---
title: "IHW-censoring & Storey simulations"
author: "Nikos Ignatiadis"
date: "`r doc_date()`"
package: "`r pkg_ver('IHWpaper')`"
output: BiocStyle::html_document
bibliography: bibliography.bib
vignette: >
  %\VignetteIndexEntry{"Stats paper: IHW-censoring & Storey simulations"}
  %\VignetteEngine{knitr::rmarkdown}
  %\usepackage[utf8]{inputenc}
---

# Simulation setting and methods compared

As IHW has been benchmarked thoroughly elsewhere (for example, the rest of this package contains many such simulations), here we restrict ourselves to a small study to illustrate the effects of censoring (as the censoring threshold $\tau$ varies) and null-proportion adaptivity.

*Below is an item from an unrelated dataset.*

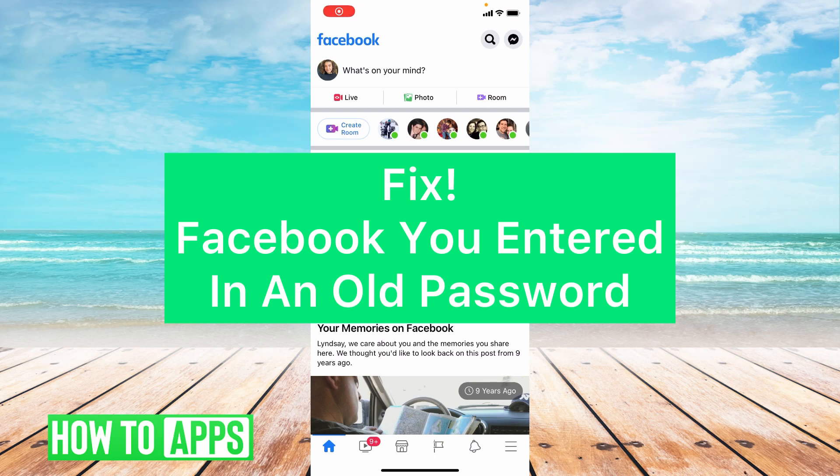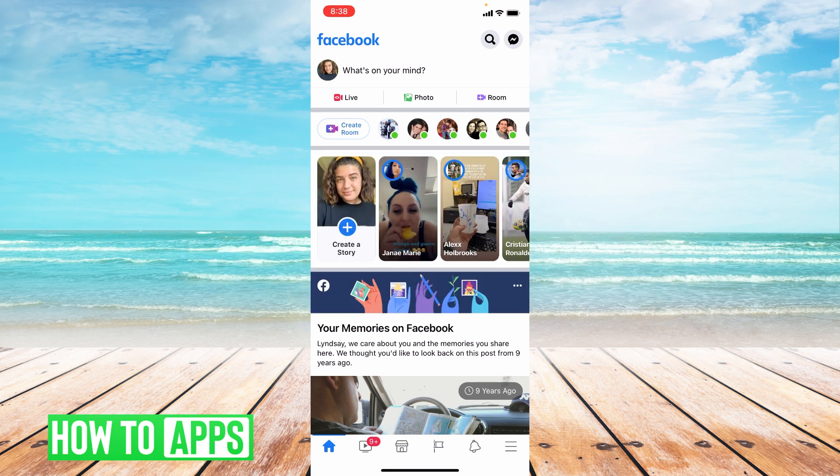Hey guys, it's Lindsay and welcome back to another video. Today I'm going to be helping you fix the Facebook message 'you entered in an old password.' This message appears when you've entered in a previous password.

In particular, we consider the following example of a simple conditional two-groups model (for two different values of $\pi_0 \in \{0.7, 0.9\})$:

$$
\begin{aligned}
&X_i \sim U[0,2.5]\\
&H_i \mid X_i \sim \text{Bernoulli}(\pi_0)\\
&Z_i \mid (H_i = 0, X_i) \sim \mathcal{N}(0,1)\\
&Z_i \mid (H_i = 1, X_i) \sim \mathcal{N}(X_i,1)\\
&P_i = 1 - \Phi(X_i)
\end{aligned}
$$
We compare the following approaches, using the nominal level $\alpha=0.1$, $P_i$ as the p-values and $X_i$ as the covariates (except for BH which does not account for covariates):

1. BH [@benjamini1995controlling]
2. IHW
3. IHW with Storey $\pi_0$ correction ($\tau'=0.5$)
4. IHWc with different censoring thresholds $\tau$
5. IHWc with Storey $\pi_0$ correction ($\tau'=0.5$) and different censoring thresholds $\tau$.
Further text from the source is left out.